On the importance of diversity, equity, and inclusion

“This is a really important topic for our communities, and also our country. Part of it is about creating opportunities for communities that have traditionally not had as many opportunities over the course of long periods of time. We have not always had a fair playing field, and recognizing that as something that is all of ours to acknowledge and work to correct is an important starting point.

Another thing is that there’s a huge amount of research showing that diversity helps us make better decisions. Diversity is not just the right thing to care about; it’s also an instrumentally valuable thing to care about if you want to do as well as you can for your organization. So, I think it’s both a values proposition and a set of more instrumental goals that we have to embrace.  

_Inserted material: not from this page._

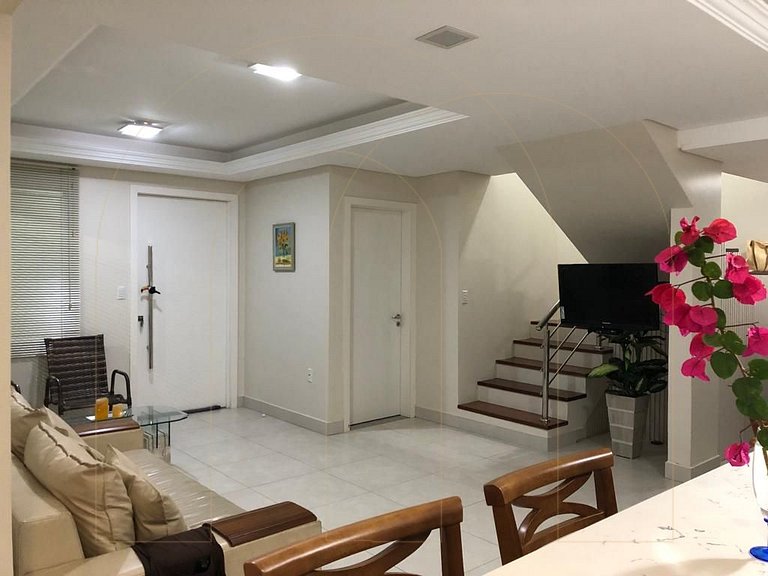 Ótima Casa em Bombas 09 pessoas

It’s also important to think about belonging, to think about creating spaces that make everybody feel that they can and do belong—and recognizing that belonging is important to flourishing. I know [the Wisconsin School of Business] just created a multicultural center. We need to have locations where people feel like they can let their metaphoric hair down and be their whole selves without having to wear any armor, but we also need to value tremendously the ability to engage across and to engage with difference, and to do that even when it’s sometimes hard and not always comfortable.”

On preparing undergraduates for success

“What we want is fundamentally to create lifelong learners, where our students have developed a set of talents and skills that they can put to work, but where they also know that when they need to pivot or transition, they have the foundational abilities and belief in themselves to know that it will be possible.

I’m a big believer that your major is not your destiny. That’s true for our business school students just as much as it’s true for everybody else. I think that the face-to-face interaction of a residential college experience is a substantial part of what makes superb learning in the classroom. But it’s also about the cocurricular experiences. One of the things I’ve been excited about here is how rich those are for our students, and how we as an institution recognize the value of both curricular and cocurricular learning. Sometimes those can fit together in very explicit ways; other times they can diverge. But they both are part of what shapes what it means to be a Badger, what it means to be a Wisconsin graduate.”

Chancellor Mnookin holds up a red fleece WSB pullover gift as she stands next to Dean Samba on stage
Chancellor Mnookin was presented with a WSB fleece at the end of her visit.